Gino Paoli vide uno dei suoi brani più celebri, Il cielo in una stanza, diventare colonna emotiva di Io la conoscevo bene di Antonio Pietrangeli, dove accompagnava la fragilità luminosa del personaggio di Stefania Sandrelli. E negli stessi anni Lucio Dalla intrecciava la propria ricerca musicale con le immagini di Pupi Avati, firmando partiture originali per film come La casa dalle finestre che ridono, capaci di aggiungere inquietudine e poesia al racconto.
Tre esempi diversi, ma uniti dallo stesso effetto: fissare nel cinema atmosfere e sentimenti che la musica, da sola, non avrebbe potuto trattenere, e che grazie alle immagini sono diventati memoria collettiva.
Tre linguaggi diversi, un’unica funzione: raccontare chi siamo. La moda veste i corpi, la musica amplifica i sentimenti, il cinema li trasforma in storie. Insieme, creano un triangolo identitario che si alimenta di ricordi e immaginari condivisi.

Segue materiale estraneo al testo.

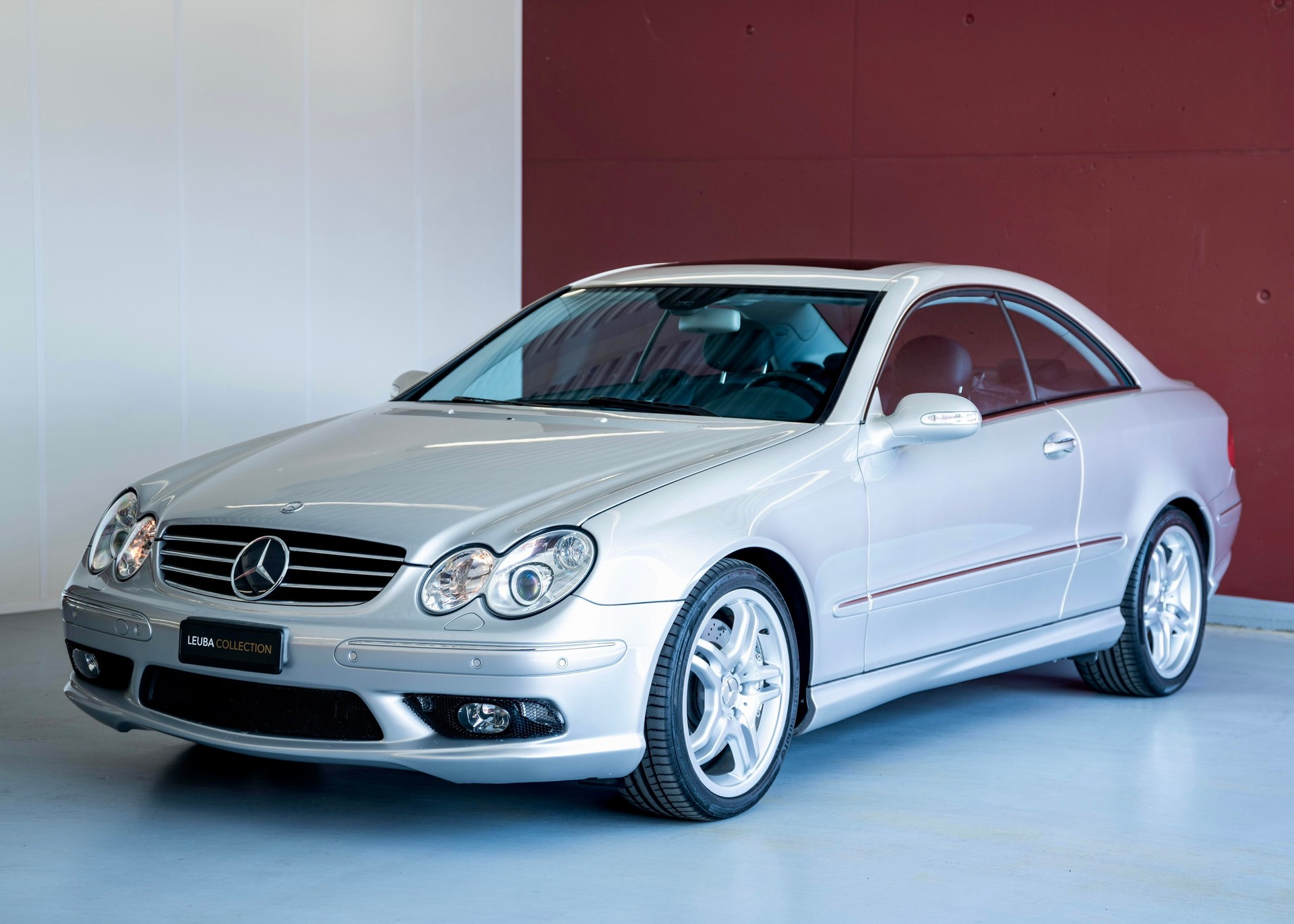 MERCEDES-BENZ CLK 55 AMG Avantgarde (Leasing 0.80%, 1st hand, 100% original, Designo interior, mint condition) - RESERVED !-image-4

Quando Patty Pravo diventa colonna sonora di Dolce & Gabbana, quando Giorgia amplifica il racconto di Özpetek, quando una passerella riecheggia di Nino Rota, il gesto è sempre lo stesso: custodire un patrimonio e renderlo vivo. In un presente che consuma con velocità, riportare la musica italiana sulle passerelle o al cinema significa scegliere la profondità del ricordo.
Il vero lusso non è indossare un abito unico, ma condividere un patrimonio emotivo. Patty Pravo, Giorgia, Dalla, Cocciante, Paoli o Rota non sono soltanto note: sono specchi di un’identità. E quando risuonano tra i flash di una sfilata o nel buio di una sala, la memoria si rinnova. Diventando emozione viva, ancora capace di vestire lo stile italiano.